If the Supreme Court strikes down Obama’s individual mandate on Thursday, single payer will be front and center when the new health care debate starts on Friday. Here’s one indication. A search of the Lexis news data base for the three months between January 1, 2012 until the Supreme Court heard oral arguments at the end of March shows that there were 595 articles that mentioned the phrase “single payer.”
A search of the three months since the oral arguments until today turned up 826 articles that mentioned the phrase “single payer” – a 38 percent increase.
Even healthcare journalists in the corporate media are starting to take notice.
Take the Washington Post’s Ezra Klein. Klein thinks that if Obama’s law – which he supports – is overturned, the likeliest possible option going forward is “single payer through a messy process of attrition.”
In March, single payer activists were in front of the Supreme Court, where they filed an amicus brief asking the Court to strike down Obama’s mandate and arguing that there was a Constitutional way out – single payer – Medicare for all.
Single payer activists were out in front of the Supreme Court again this past Monday – and will be there again on Thursday – wearing medical masks with the words “silenced majority.”
But these are not your Democratic Party single payer activists. They reject Obama for reneging – as a young politician – on his promise to support single payer. They reject the Democrats as party to the insurance industry. And they equate Obamacare with Romneycare.
Or as one of their banners in front of the steps of the Supreme Court put it on Monday – No Obama/Romney Health Care. Yes Medicare for All Now.
“We reject Obamacare and we reject Obama,” said Russell Mokhiber of Single Payer Action. “We reject Romneycare and we reject Romney. We reject the corporate Republicans. We reject the corporate Democrats. Where does that leave us? With the American people and for single payer.”
“The easiest thing to do right now if we want universal, affordable, guaranteed health care is to drop two words from the Medicare law – ‘over 65,’” said Dr. Margaret Flowers. “Expand Medicare to every person in this country. That is a system we can work with. The Affordable Care Act is not a system we can work with.”
Oliver Hall, the attorney who filed the amicus brief on behalf of Single Payer Action, It’s Our Economy and 50 medical doctors said “there are already single payer systems operational here in the United States – and they work.”
“And those are Medicare and the Veterans Administration,” Hall said. “Single payer is possible. It’s already happening in the United States. And that rebuts the primary tenet of the government’s contention in this case – which is that it cannot successfully regulate the health care market unless it has the power to require every American to buy private insurance. That is simply not the case. And Medicare and the Veterans Administration prove it.”
Dr. Carol Paris of Leonardstown Maryland said she was “tired of trying to provide ethical care to my patients.”
“I spend more time helping them figure out how to deal with the bureaucracy of their insurance company and their pharmaceutical benefits manager than I do actually providing them with medical care,” Dr. Paris said. “I’m a psychiatrist. And people first have to decide whether they can afford therapy. And then if we have to dumb it down and just go with medication, then we have to figure out whether they can afford medicine. I spend more and more and more of every day not providing actual therapy to my patients, but instead just helping them maneuver the insurance industry.”
Dr. George Pauk of Phoenix, Arizona said that single payer is supported by the majority of the American people, doctors and nurses.

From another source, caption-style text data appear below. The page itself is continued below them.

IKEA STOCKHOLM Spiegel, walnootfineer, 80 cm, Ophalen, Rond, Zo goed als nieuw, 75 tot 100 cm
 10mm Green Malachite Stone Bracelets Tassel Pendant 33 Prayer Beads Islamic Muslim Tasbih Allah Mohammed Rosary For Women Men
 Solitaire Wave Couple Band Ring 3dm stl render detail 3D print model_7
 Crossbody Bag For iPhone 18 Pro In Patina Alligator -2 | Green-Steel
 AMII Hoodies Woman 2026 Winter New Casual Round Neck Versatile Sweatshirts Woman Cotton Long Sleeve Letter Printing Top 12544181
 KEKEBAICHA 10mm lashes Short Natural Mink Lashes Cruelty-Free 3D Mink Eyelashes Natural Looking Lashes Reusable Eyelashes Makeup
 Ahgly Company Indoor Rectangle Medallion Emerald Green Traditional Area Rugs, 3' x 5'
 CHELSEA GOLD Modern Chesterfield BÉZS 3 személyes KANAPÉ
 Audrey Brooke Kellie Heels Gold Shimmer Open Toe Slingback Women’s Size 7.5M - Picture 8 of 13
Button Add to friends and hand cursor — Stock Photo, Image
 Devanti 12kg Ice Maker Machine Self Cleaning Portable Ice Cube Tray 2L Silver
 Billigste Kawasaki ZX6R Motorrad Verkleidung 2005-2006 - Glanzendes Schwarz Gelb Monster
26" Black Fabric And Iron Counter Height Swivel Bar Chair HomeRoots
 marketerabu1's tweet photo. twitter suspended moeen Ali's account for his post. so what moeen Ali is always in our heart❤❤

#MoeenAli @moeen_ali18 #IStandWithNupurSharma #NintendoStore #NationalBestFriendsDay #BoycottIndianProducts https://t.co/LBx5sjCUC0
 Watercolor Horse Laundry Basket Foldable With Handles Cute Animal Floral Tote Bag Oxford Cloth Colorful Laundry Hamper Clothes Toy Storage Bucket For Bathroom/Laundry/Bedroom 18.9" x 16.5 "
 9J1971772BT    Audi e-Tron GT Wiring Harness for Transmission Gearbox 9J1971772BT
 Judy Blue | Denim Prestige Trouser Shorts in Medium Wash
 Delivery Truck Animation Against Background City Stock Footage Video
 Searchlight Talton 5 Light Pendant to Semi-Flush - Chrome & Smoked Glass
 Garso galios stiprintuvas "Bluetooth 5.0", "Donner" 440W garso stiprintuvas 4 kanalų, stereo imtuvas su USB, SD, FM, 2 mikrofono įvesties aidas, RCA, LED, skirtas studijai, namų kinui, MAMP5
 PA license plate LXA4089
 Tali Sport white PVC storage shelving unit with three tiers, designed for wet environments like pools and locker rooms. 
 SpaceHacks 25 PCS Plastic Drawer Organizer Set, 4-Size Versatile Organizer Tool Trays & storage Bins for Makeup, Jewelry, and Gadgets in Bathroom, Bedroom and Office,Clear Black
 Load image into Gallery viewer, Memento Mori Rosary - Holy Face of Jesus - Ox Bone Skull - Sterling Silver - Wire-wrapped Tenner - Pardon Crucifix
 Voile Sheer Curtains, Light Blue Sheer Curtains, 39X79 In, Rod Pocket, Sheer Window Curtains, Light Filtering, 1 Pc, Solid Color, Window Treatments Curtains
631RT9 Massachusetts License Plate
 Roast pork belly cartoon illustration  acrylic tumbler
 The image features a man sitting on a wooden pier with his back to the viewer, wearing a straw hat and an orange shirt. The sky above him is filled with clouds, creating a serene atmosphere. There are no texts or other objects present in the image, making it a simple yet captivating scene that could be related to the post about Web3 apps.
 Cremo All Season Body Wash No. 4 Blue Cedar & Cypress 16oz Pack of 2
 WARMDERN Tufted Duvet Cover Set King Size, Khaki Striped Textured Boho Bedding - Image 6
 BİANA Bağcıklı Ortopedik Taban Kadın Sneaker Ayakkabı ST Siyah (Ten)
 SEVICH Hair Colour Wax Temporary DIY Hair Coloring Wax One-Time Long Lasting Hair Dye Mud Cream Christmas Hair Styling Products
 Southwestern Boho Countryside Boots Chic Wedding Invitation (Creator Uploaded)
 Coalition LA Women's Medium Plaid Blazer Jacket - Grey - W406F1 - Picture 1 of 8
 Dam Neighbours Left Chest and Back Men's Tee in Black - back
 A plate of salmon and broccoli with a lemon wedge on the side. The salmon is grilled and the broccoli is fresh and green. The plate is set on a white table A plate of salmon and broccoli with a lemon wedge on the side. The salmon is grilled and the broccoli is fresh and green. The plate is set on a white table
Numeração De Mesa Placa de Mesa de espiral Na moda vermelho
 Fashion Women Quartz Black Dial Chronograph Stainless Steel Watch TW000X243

“Medical ethics or nursing ethics demand that we care for every person who comes to us,” said Dr. Pauk.
Attorney Kevin Zeese said “we need to get the insurance industry out.”
“When the mandate is ruled unconstitutional as we expect it will be, we urge the Congress to drop two words – ‘over 65′ – from the Medicare law,” Zeese said. “That simple action will cover every American with health insurance – a national health plan paid for by public dollars – not a subsidy to the insurance industry. Once we get that rule in place we can improve it, provide greater coverage, provide no co-pays, no deductibles and have a real humane health care system. The reality is – health care is a human right. It is not something that can be bargained away by corporate welfare, by crony capitalism.”